On Thu, Dec 22, 2016 at 12:59 PM, Gil Tene <g...@azul.com> wrote:

>
>
> On Thursday, December 22, 2016 at 9:33:09 AM UTC-8, Vitaly Davidovich
> wrote:
>>
>>
>>
>> On Thu, Dec 22, 2016 at 12:14 PM, Gil Tene <g...@azul.com> wrote:
>>
>>> Go's GC story is evolving. And it's doing so at a fairly quick pace.
>>> Judging it based on a current implementation and current choices is
>>> premature, I think.
>>>
>> Doesn't seem premature at all to me.  Current implementation is what runs
>> in production, what people will experience, and what they should
>> expect/write their code towards.  This is not too dissimilar from the
>> Sufficiently Smart Compiler - it *could* do something in *theory*, but
>> practical/real implementations don't.  That's not to say their story won't
>> improve over time, but judging current impl is pretty fair IMO.
>>
>
> Looking at the current state of implementation to judge current use is
> fine.
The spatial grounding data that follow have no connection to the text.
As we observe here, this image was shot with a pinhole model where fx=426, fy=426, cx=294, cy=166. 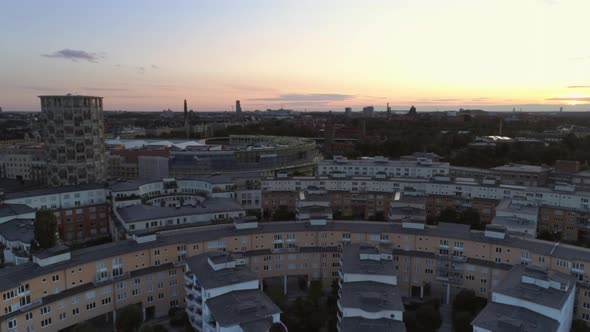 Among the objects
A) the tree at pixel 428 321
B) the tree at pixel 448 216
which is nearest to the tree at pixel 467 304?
the tree at pixel 428 321

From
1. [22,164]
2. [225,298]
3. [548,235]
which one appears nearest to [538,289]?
[225,298]

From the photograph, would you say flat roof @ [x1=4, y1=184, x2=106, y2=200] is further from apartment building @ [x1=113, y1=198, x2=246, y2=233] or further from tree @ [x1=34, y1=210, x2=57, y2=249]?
tree @ [x1=34, y1=210, x2=57, y2=249]

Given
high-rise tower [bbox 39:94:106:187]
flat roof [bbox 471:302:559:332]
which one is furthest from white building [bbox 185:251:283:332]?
high-rise tower [bbox 39:94:106:187]

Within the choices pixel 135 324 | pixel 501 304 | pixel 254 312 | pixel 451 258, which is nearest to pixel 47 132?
pixel 135 324

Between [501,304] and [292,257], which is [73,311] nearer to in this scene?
[292,257]

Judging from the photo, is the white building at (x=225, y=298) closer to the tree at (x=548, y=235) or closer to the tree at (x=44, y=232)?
the tree at (x=44, y=232)

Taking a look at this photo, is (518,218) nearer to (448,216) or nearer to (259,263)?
(448,216) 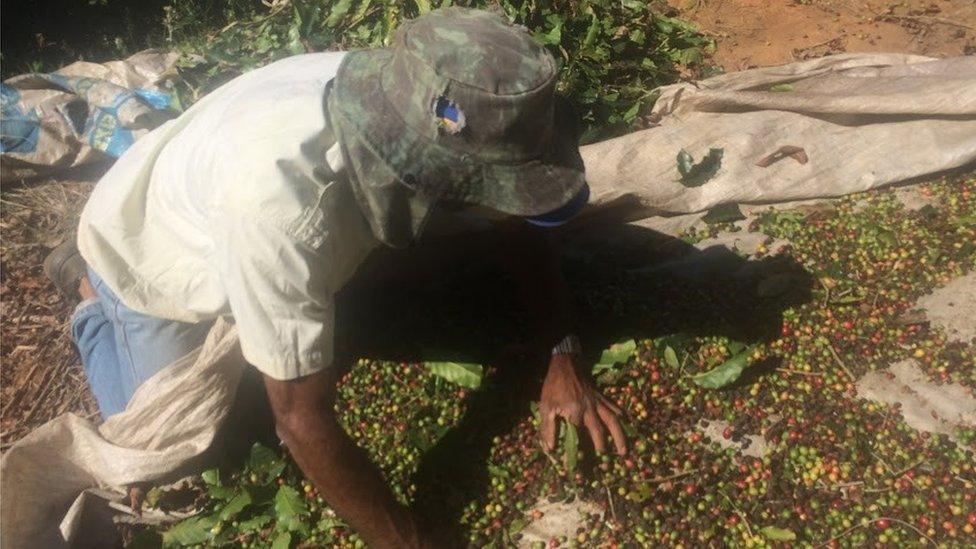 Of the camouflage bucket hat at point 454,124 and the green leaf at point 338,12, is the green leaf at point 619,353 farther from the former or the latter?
the green leaf at point 338,12

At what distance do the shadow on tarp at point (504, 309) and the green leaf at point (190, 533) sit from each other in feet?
2.75

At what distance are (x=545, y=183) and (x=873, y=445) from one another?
181 cm

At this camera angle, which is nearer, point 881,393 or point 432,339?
point 881,393

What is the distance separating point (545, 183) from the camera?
2.05m

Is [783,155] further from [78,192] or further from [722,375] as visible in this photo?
[78,192]

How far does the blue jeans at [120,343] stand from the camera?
2900 millimetres

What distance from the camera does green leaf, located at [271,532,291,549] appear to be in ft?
9.14

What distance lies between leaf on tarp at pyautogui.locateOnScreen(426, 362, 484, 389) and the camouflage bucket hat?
109 cm

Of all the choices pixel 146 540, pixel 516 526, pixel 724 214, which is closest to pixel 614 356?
pixel 516 526

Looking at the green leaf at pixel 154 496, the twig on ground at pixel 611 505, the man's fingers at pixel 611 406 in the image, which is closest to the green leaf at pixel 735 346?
the man's fingers at pixel 611 406

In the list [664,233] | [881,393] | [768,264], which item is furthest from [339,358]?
[881,393]

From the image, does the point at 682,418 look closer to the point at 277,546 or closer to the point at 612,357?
the point at 612,357

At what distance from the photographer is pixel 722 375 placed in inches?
119

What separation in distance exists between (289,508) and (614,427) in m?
1.26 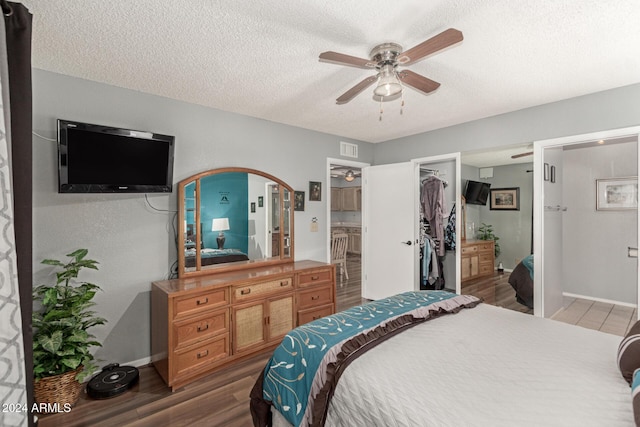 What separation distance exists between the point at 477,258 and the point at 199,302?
449 cm

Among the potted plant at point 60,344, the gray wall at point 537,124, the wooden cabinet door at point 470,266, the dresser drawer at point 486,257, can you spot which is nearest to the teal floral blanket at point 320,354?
the potted plant at point 60,344

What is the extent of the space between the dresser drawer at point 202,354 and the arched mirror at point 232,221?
687mm

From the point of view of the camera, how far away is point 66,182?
88.1 inches

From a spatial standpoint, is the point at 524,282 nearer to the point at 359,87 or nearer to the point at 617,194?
the point at 617,194

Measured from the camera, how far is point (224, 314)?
2672 mm

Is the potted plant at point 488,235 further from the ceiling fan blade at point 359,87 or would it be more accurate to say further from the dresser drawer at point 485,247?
the ceiling fan blade at point 359,87

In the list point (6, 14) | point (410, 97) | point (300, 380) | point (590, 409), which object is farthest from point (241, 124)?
point (590, 409)

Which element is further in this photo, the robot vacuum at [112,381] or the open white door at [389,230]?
the open white door at [389,230]

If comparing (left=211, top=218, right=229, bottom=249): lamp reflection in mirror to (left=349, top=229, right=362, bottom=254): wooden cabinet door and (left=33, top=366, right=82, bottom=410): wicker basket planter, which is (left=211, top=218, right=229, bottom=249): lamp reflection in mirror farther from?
(left=349, top=229, right=362, bottom=254): wooden cabinet door

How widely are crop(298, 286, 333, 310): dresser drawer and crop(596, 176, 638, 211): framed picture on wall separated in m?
4.17

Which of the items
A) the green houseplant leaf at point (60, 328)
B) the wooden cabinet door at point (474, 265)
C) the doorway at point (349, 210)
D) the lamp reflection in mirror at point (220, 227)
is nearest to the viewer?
the green houseplant leaf at point (60, 328)

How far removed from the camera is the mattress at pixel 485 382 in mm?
1098

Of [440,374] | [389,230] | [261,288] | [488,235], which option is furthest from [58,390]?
[488,235]

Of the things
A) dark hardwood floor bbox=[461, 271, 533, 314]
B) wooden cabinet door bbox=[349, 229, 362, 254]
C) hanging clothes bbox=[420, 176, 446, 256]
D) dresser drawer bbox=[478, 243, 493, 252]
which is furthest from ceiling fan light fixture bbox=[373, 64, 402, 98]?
wooden cabinet door bbox=[349, 229, 362, 254] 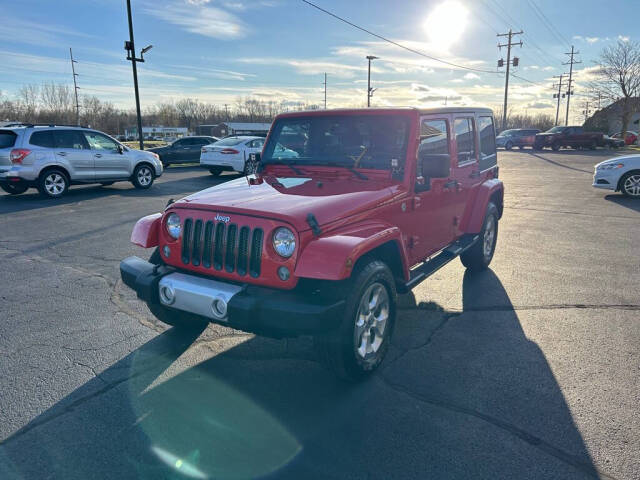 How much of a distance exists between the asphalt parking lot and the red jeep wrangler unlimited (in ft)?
1.45

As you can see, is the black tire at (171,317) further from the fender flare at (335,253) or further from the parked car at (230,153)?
the parked car at (230,153)

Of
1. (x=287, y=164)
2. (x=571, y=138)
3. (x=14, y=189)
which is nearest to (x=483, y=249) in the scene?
(x=287, y=164)

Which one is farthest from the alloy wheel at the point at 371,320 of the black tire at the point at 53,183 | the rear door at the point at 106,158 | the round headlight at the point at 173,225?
the rear door at the point at 106,158

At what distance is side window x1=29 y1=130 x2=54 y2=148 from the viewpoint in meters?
11.7

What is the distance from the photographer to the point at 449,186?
481 cm

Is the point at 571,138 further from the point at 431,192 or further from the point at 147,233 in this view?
the point at 147,233

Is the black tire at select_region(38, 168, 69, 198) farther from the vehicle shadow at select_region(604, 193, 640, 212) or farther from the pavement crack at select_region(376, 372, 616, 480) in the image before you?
the vehicle shadow at select_region(604, 193, 640, 212)

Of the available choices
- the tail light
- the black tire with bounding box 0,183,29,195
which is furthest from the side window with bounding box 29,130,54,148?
the black tire with bounding box 0,183,29,195

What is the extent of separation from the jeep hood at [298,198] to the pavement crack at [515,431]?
1.32 meters

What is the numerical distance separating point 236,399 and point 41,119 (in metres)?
81.3

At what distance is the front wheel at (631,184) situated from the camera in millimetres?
12195

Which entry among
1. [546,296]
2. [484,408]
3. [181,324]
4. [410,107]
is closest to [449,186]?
[410,107]

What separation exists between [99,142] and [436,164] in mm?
11818

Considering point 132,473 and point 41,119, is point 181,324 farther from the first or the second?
point 41,119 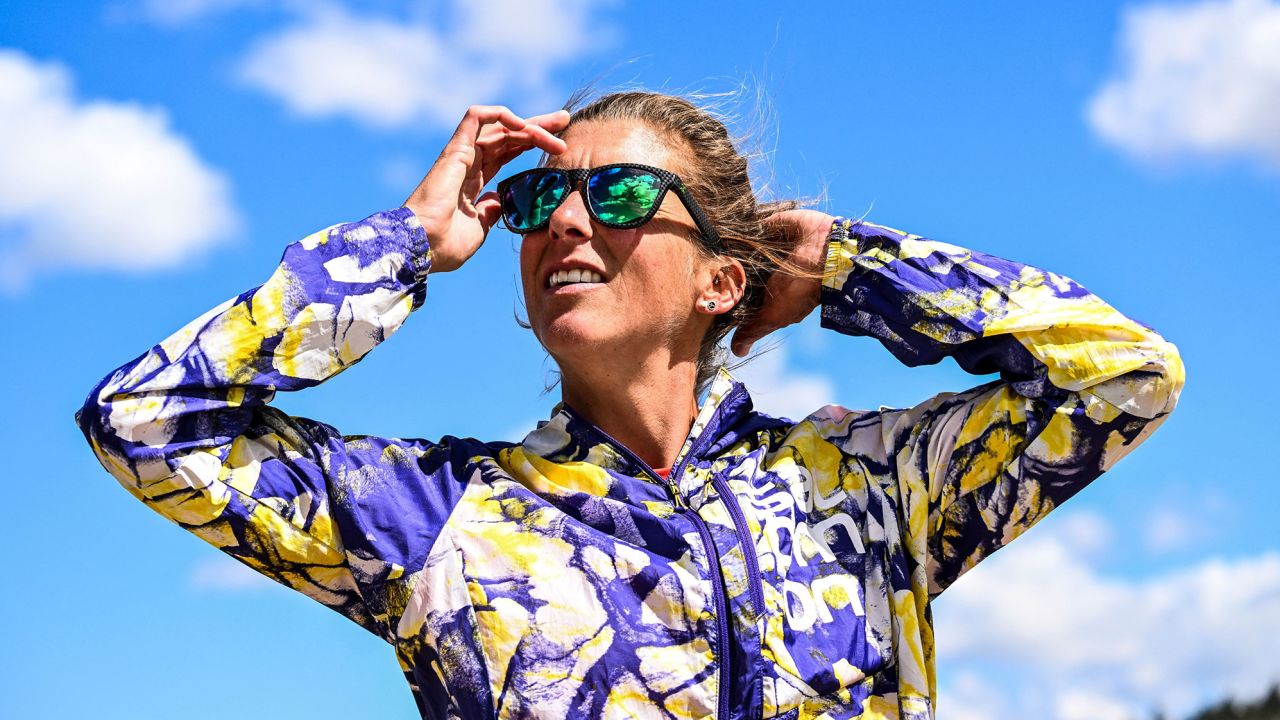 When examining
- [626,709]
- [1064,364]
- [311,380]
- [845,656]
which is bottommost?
[626,709]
But projecting from the current state to Go as a whole and assuming
> inherent qualities (something that I see a lot of) would be similar to
> concluding that "Java is slow because it is an interpreted language" and
> basing those conclusions on 1997 JVMs.
>
 Sure.

>
>
>> I think that the Go team's *implementation priority* focus on latency is
>>> a good one. And unlike others, I don't actually think there is a strong
>>> latency vs. throughput tradeoff in the long run. Achieving great latency in
>>> GC does not inherently come at the expense of GC throughput or application
>>> throughput. Both can one had at the same time. My view is that GC
>>> implementations in general (for all runtimes) will move towards good
>>> latency + good throughput at the same time at they mature. And Go is no
>>> different here.
>>>
>> I don't see how minimizing latency cannot impact application throughput.
>> The impact can be minimized, but I don't see how it can be (nearly) zero.
>> The impact will vary from app to app, depending on how much it
>> intrinsically can make use of CPU before bottlenecking elsewhere and giving
>> up CPU for reasons other than GC.
>>
>
> The are tiny tradeoffs involved, but they are "in the noise", and are
> usually immeasurable in practice. So yes, I'm saying that it is "nearly
> zero". Concurrency and latency are not inherently coupled with efficiency
> choices in GC work. In practice, they tend to have very little to do with
> each other.
>
They're necessarily coupled IMO.  If a CPU is occupied with GC work that
could otherwise be used by the user app, it's a throughput hit.  If extra
instructions are executed on behalf of GC while also performing user work,
it's a loss in throughput (e.g. write barriers, indirection barriers that
may hijack execution, etc).  I'm not even talking about the possible
d-cache and i-cache pollution, cache misses, registers reserved to support
GC, etc that may be involved.  Since GC cannot know the allocation/memory
pattern perfectly, it'll ultimately perform more CPU work than could
otherwise be necessary.  This is the price of admission for this type of
automatic management.  There's nothing inherently wrong with it if that
cost is acceptable.  Likewise, there's a development/mental cost to manual
memory management as well.  It's all about priorities and cost.

>
> The fundamentals are simple:
>
> For a given live set, heap set, and rate of allocation, a GC algorithm has
> a certain amount of work to do. It needs to locate the dead material and
> reclaim it such that it can be allocated into again. The choice of
> algorithms used affect the amount of work needed to achieve this. But this
> amount of work tends to be only minutely affected by concurrency concerns,
> and is dramatically affected by other choices. E.g. the choice to use
> compacting collectors dramatically affects the cost of allocation (bump
> pointer allocation is dramatically cheaper than allocation in
> non-contiguously empty regions). E.g. the choice of using a generational
> filter (or not) has several orders of magnitude higher impact on GC
> throughput than the choice to do concurrent or tiny-incremental-STW work
> (or not). The choice to use evacuation as a compaction technique (common in
> copying and regional collectors, but not in classic MarkSweepCompact) can
> dramatically affect efficiency (in two opposite directions) and depends a
> lot more on the amount of empty heap (aka "heap headroom") available than
> on concurrency or incremental STW design choices.
>
Concurrent collectors, at least in Hotspot, have a tendency to be outpaced
by the mutators because they try to minimize throughput impact (i.e. they
don't run all the time, but get triggered when certain thresholds are
breached at certain check points).  Then you have a problem of object graph
mutation rate (not allocation rate), which in the case of G1 will also
increase SATB queue processing and finalize marking phases.  Yes, one can
tune (or code) around it, and throw lots more headroom when all else fails.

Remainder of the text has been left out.